■ **AVAILABLE DATA**
►

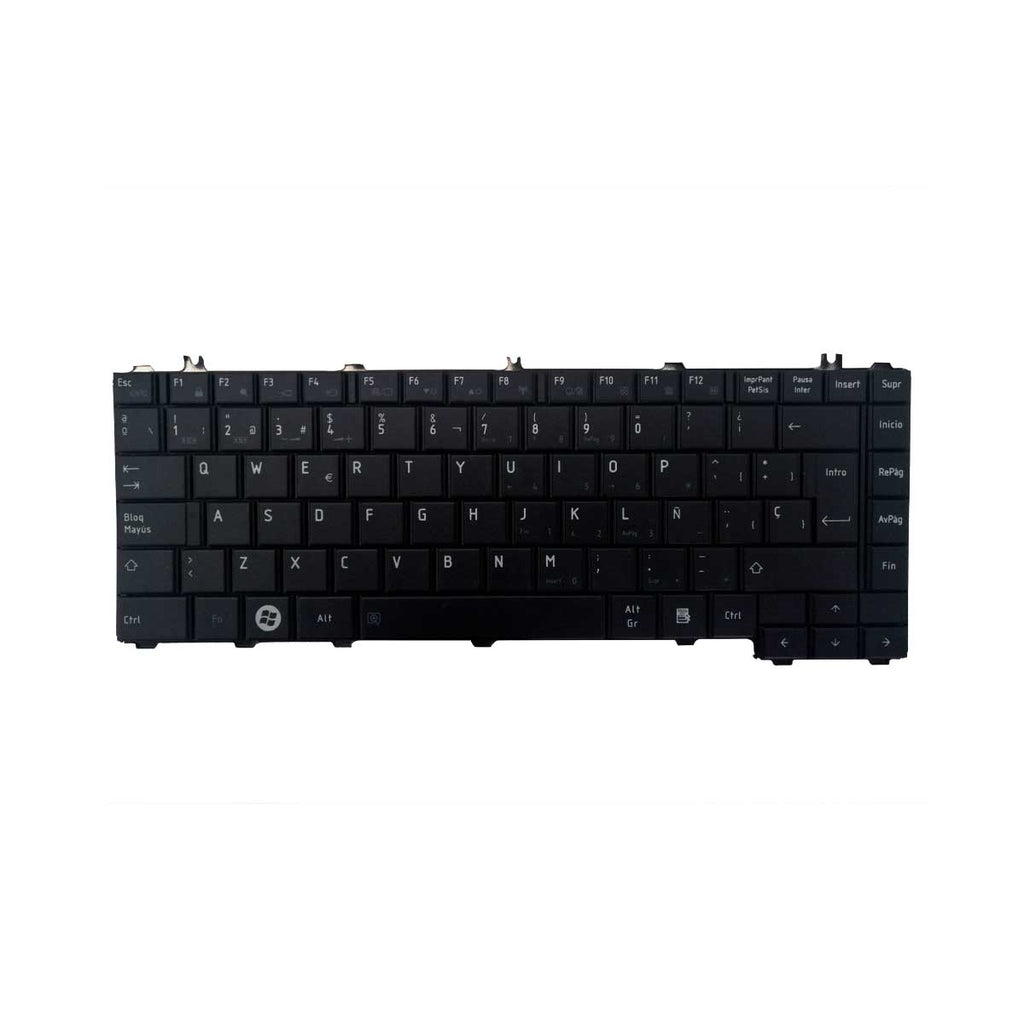 Teclado para Laptop Toshiba® L645 L635 L600 L640 C640 C645 C600 L730 L745 en Español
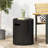 Outdoor Lightweight Concrete Side Table,
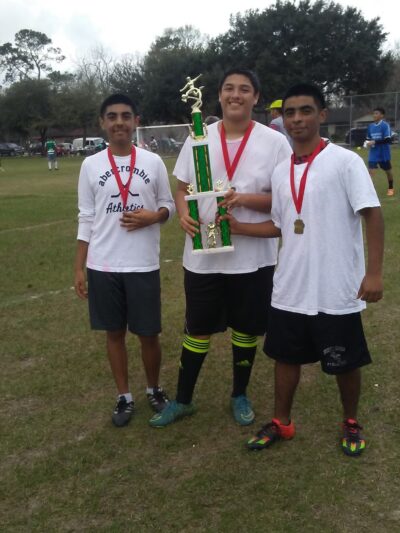 Rosewood Park - Houston, TX
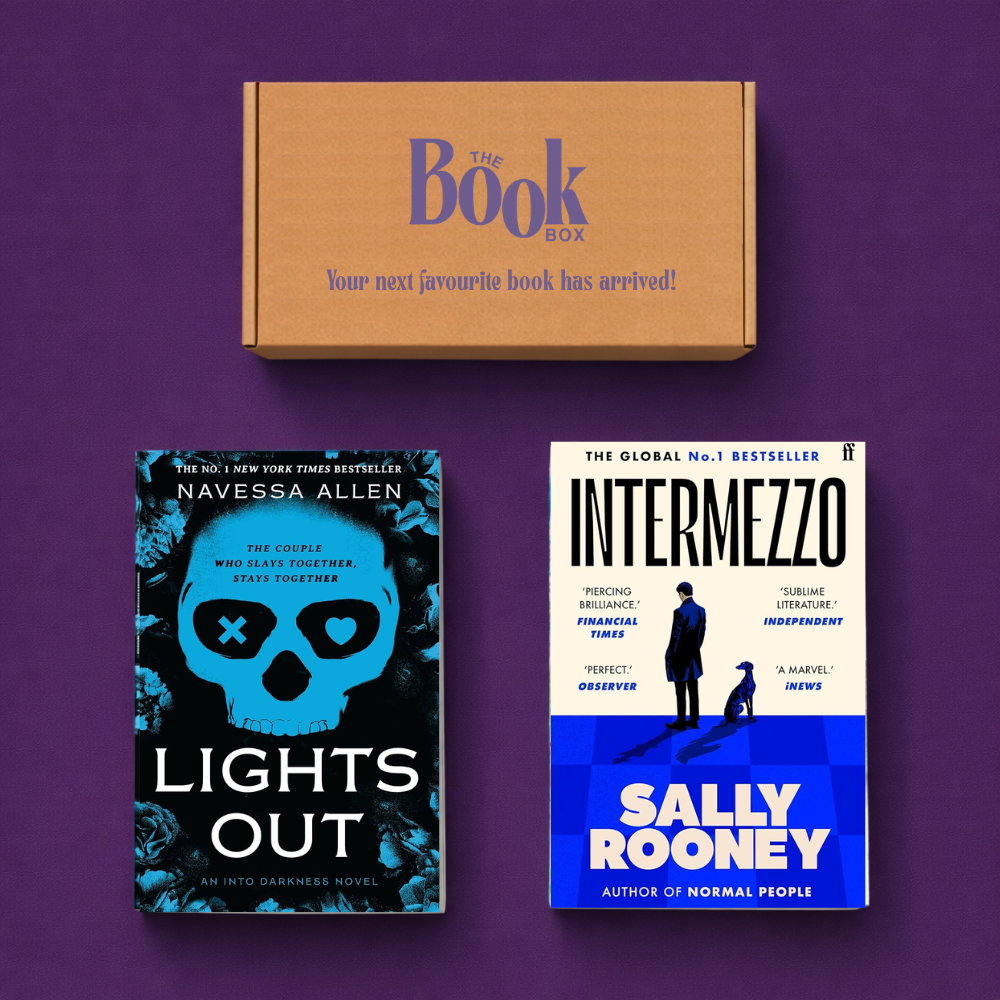 Build Your Own Book Subscription Box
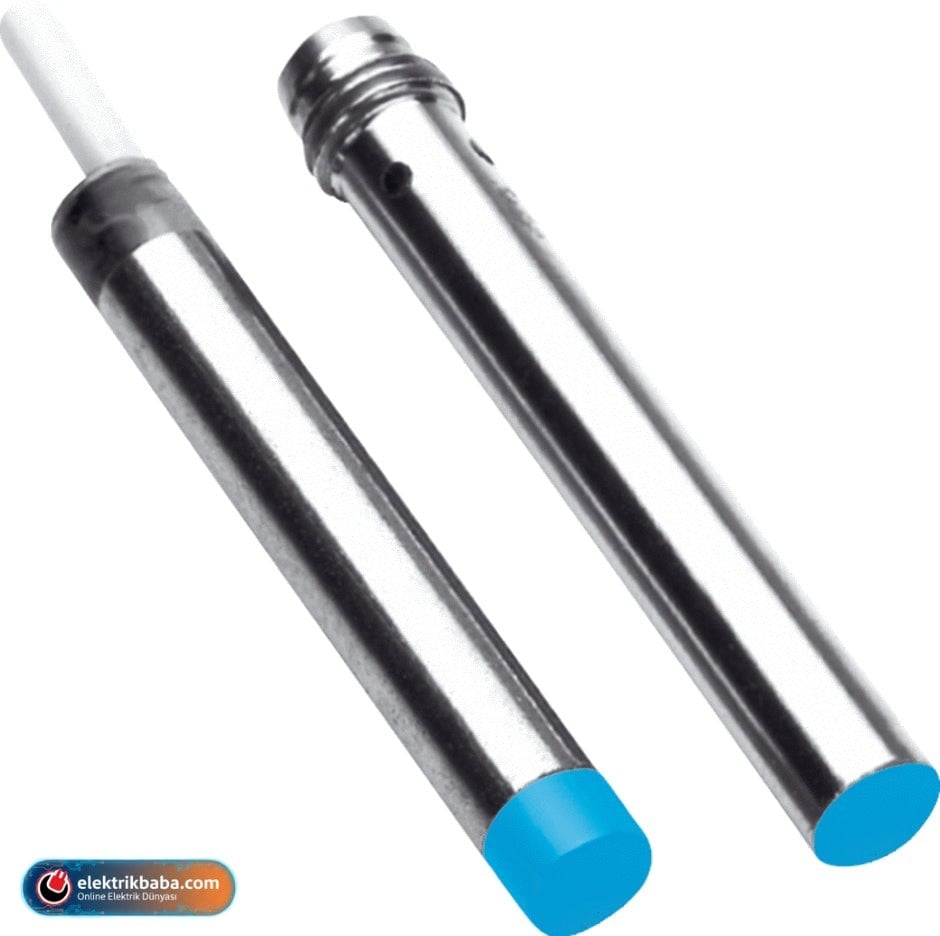 SICK6025874SICK 6025874 IH06-02BPS-VWK M6,5X35,5mm PNP NO 2mm 10-30VDC 3000HZ 2MT 3 KABLOLU ENDUKTIF SENSOR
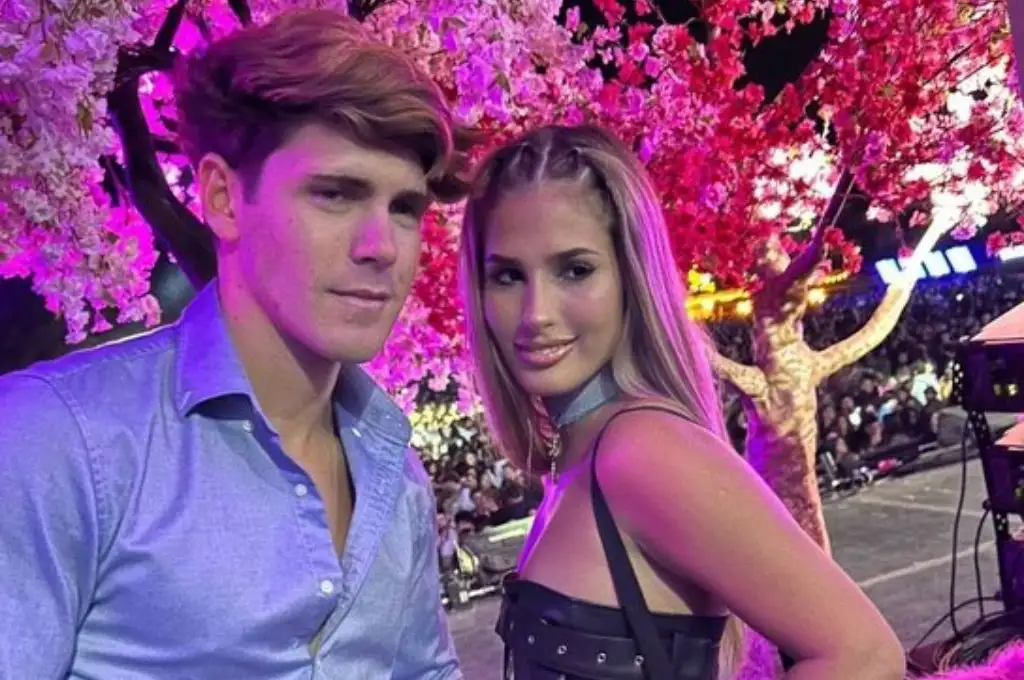 La reacción de sus seguidores tras ver a Marcos Ginocchio y Julieta Poggio juntos en la Bresh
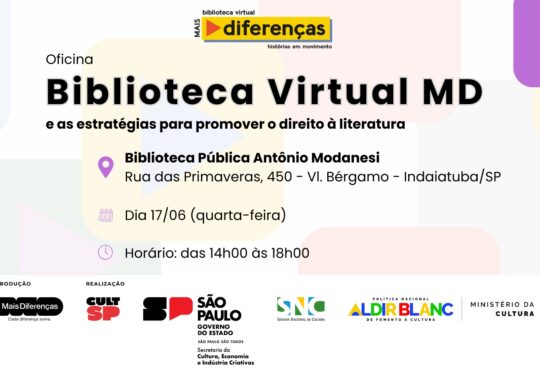 Banner oficinabibliotecamd 2026 alma moura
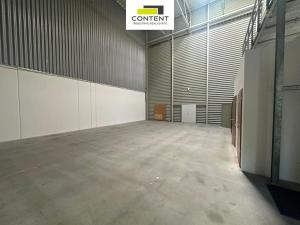 Pronájem výrobních prostor, Chrášťany, Za Tratí, 265 m2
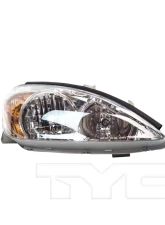TYC Genera Headlight Assembly Toyota Camry Right 2002-2004                                     - 20-6119-00-9 - Image 4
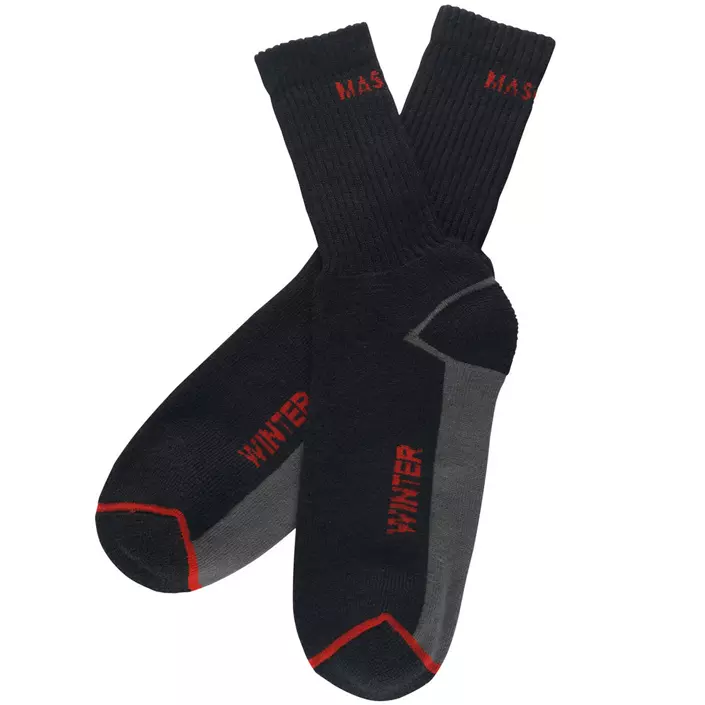 Mascot Kisumu socks, Black, large image number 0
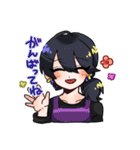ラビTHRONE（個別スタンプ：11）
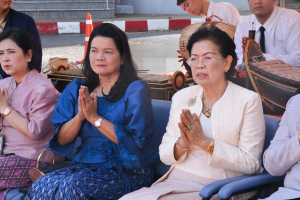 งาน 103 ปี เทพสตรี สู่การพัฒนาที่ยั่งยืน (วันที่ 4)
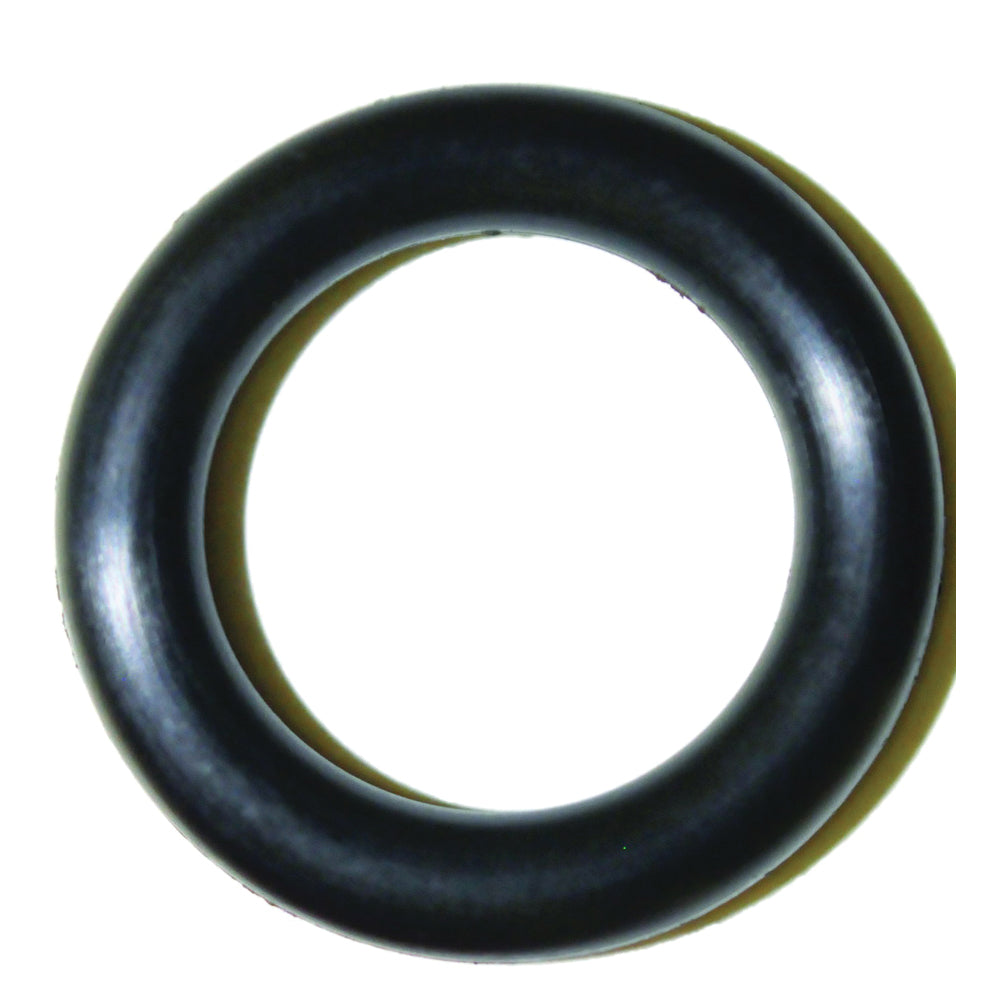 Danco 35873B Faucet O-Ring, #93, 9/16 in ID x 13/16 in OD Dia, 1/8 in Thick, Buna-N, For: Various Faucets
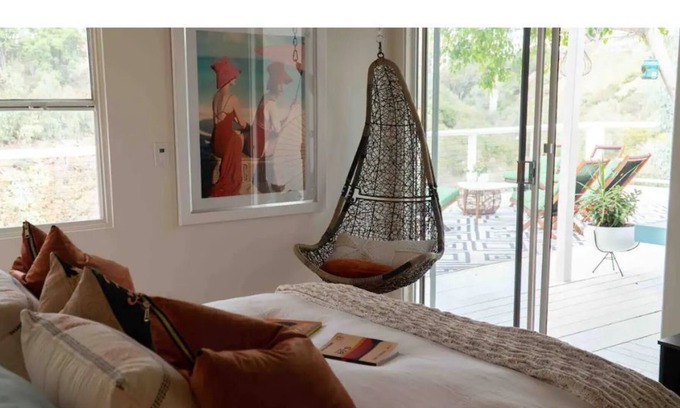 Old Town House | Historic San Diego meets Palm Springs Modern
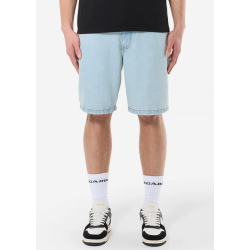 Pegador Bostic Jeans Shorts Washed Cold Blue Μπλε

◄

■ **INSTRUCTIONS TO FOLLOW**
The pictures are not wanted, but every line of the listing should be duplicated exactly.

■ **TASK SOLUTION**
 Teclado para Laptop Toshiba® L645 L635 L600 L640 C640 C645 C600 L730 L745 en Español
 Outdoor Lightweight Concrete Side Table,
 Rosewood Park - Houston, TX
 Build Your Own Book Subscription Box
 SICK6025874SICK 6025874 IH06-02BPS-VWK M6,5X35,5mm PNP NO 2mm 10-30VDC 3000HZ 2MT 3 KABLOLU ENDUKTIF SENSOR
 La reacción de sus seguidores tras ver a Marcos Ginocchio y Julieta Poggio juntos en la Bresh
 Banner oficinabibliotecamd 2026 alma moura
 Pronájem výrobních prostor, Chrášťany, Za Tratí, 265 m2
TYC Genera Headlight Assembly Toyota Camry Right 2002-2004                                     - 20-6119-00-9 - Image 4
 Mascot Kisumu socks, Black, large image number 0
ラビTHRONE（個別スタンプ：11）
 งาน 103 ปี เทพสตรี สู่การพัฒนาที่ยั่งยืน (วันที่ 4)
 Danco 35873B Faucet O-Ring, #93, 9/16 in ID x 13/16 in OD Dia, 1/8 in Thick, Buna-N, For: Various Faucets
 Old Town House | Historic San Diego meets Palm Springs Modern
 Pegador Bostic Jeans Shorts Washed Cold Blue Μπλε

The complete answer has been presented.